There were related discussions on this. This v2 patchset actually has
CONFIG_HUGE_IOMAP, which allows user to select this feature. As
suggested in the thread below, I am going to remove this
CONFIG_HUGE_IOMAP, so that it will be simpler and similar to how we
create huge mappings to the kernel itself. If bugs are found, they will
be fixed.
https://lkml.org/lkml/2015/2/18/677
> What operations can presently be performed against an ioremapped area?
> Can kernel code perform change_page_attr() against individual pages?
> Can kernel code run iounmap() against just part of that region (I
> forget). There does seem to be potential for breakage if we start
> using hugetlb mappings for such things?
Yes, kernel code can use the CPA interfaces, such as set_memory_x() and
set_memory_ro() to an ioremapped area. CPA breaks a huge page to
smaller pages. I have included them into my test cases and confirmed
they work. (Note, memory type change interfaces, such as
set_memory_uc() and set_memory_wc(), are not supported to an ioremapped
area regardless of their page size.)
iounmap() only takes a single argument, virtual base addr.
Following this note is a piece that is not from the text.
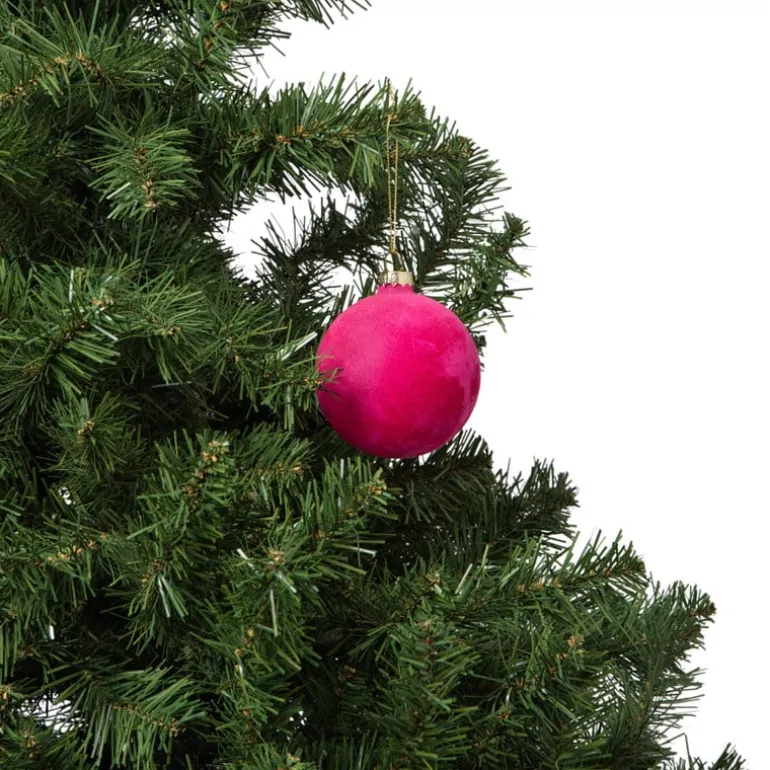 Kerstbal velvet - multikleur - diverse varianten
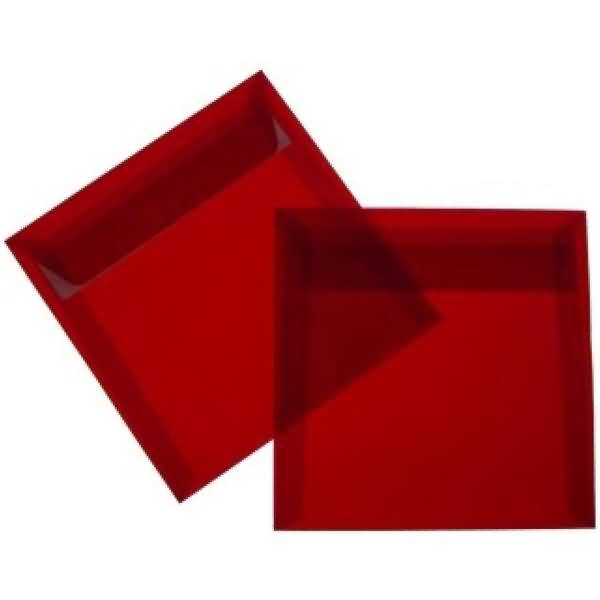 Briefumschläge Offset transparent 170x170mm 100g/qm HK VE=100 Stück intensivrot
It looks up
the corresponding vm area object from the virt addr, and always removes
the entire mapping.
> > ioremap()
> > continues to use 4KB mappings when a huge page does not fit into
> > a requested range. There is no change necessary to the drivers
> > using ioremap(). A requested physical address must be aligned by
> > a huge page size (1GB or 2MB on x86) for using huge page mapping,
> > though. The kernel huge I/O mapping will improve performance of
> > NVM and other devices with large memory, and reduce the time to
> > create their mappings as well.
> >
> > On x86, the huge I/O mapping may not be used when a target range is
> > covered by multiple MTRRs with different memory types. The caller
> > must make a separate request for each MTRR range, or the huge I/O
> > mapping can be disabled with the kernel boot option "nohugeiomap".
> > The detail of this issue is described in the email below, and this
> > patch takes option C) in favor of simplicity since MTRRs are legacy
> > feature.
> > https://lkml.org/lkml/2015/2/5/638
>
> How is this mtrr clash handled?
>
> - The iomap call will fail if there are any MTRRs covering the region?
>
> - The iomap call will fail if there are more than one MTRRs covering
> the region?
>
> - If the ioremap will succeed if a single MTRR covers the region,
> must that MTRR cover the *entire* region?
>
> - What happens if userspace tried fiddling the MTRRs after the region
> has been established?
>
> <reads the code>
This issue was also discussed in the same thread:
https://lkml.org/lkml/2015/2/18/677
I am going to implement option D -- the iomap call will fail if there
are more than one MTRRs with "different types" covering the region.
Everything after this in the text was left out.